E-shops transaction data for price statistics
Conference
65th ISI World Statistics Congress 2025
Format: CPS Abstract - WSC 2025
Session: CPS 44 - Data Collection and Analytical Techniques for Price Indexing
Tuesday 7 October 4 p.m. - 5 p.m. (Europe/Amsterdam)
Abstract
In the past decade, web scraping has become a popular tool to complement official statistics by National Statistical Institutes. Particularly, it offers an efficient way of collecting prices of products, which are sold online, that need to be incorporated within the compilation of consumer price indices (CPIs) in order to capture an economic activity of online consumer purchases. However, the web scraped prices of products are on-offer sales and do not capture realized purchases as obtained by collecting scanner data from physical retailers, i.e. information on sales and quantities sold for individual products. The online realized purchases of sold products can only be obtained directly from e-shops. To enhance the reflection of the consumer behavior for online sales, Statistical Office of the Slovak Republic (SO SR) negotiated to collect e-shops transaction data directly from the owner of the website platform, where the majority of e-shops on the Slovak market advertise and sell their products.

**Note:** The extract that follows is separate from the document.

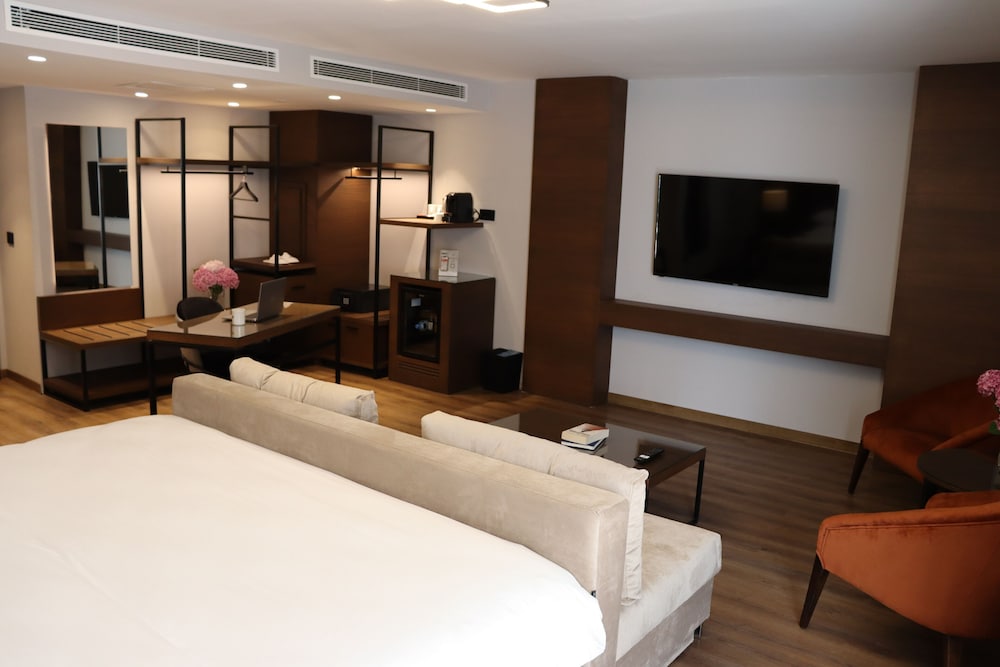 Riva Hotel Nisantasi 11/33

The transactions of daily online sales for individual products are automatically collected through a web-based tool that transfer data to the SO SR server, i.e. daily data include information of realized sales and quantities sold for individual products. At the outset of the paper, we describe the automated process of data collection, its advantages compared to web scraping, data quality assurances, data completeness and integrity, and the application of data filters prior to the CPI compilation. The main objective of the paper is to show the compilation of price indices using e-shops transaction data. It is not straightforward to select the most appropriate price index formulae, particularly, for products that have a high churn and time series of prices with a high inherent fluctuation. In the empirical analysis, we evaluate both weighted and unweighted price indices to examine the contribution of sales volumes on the fluctuation of the index value. Moreover, recent research show that for a high churn of the product sample over time, multilateral methods for compiling price indices are more suitable. Hence, we also estimate price indices using the GEKS method and the regression-based Time-product dummy model.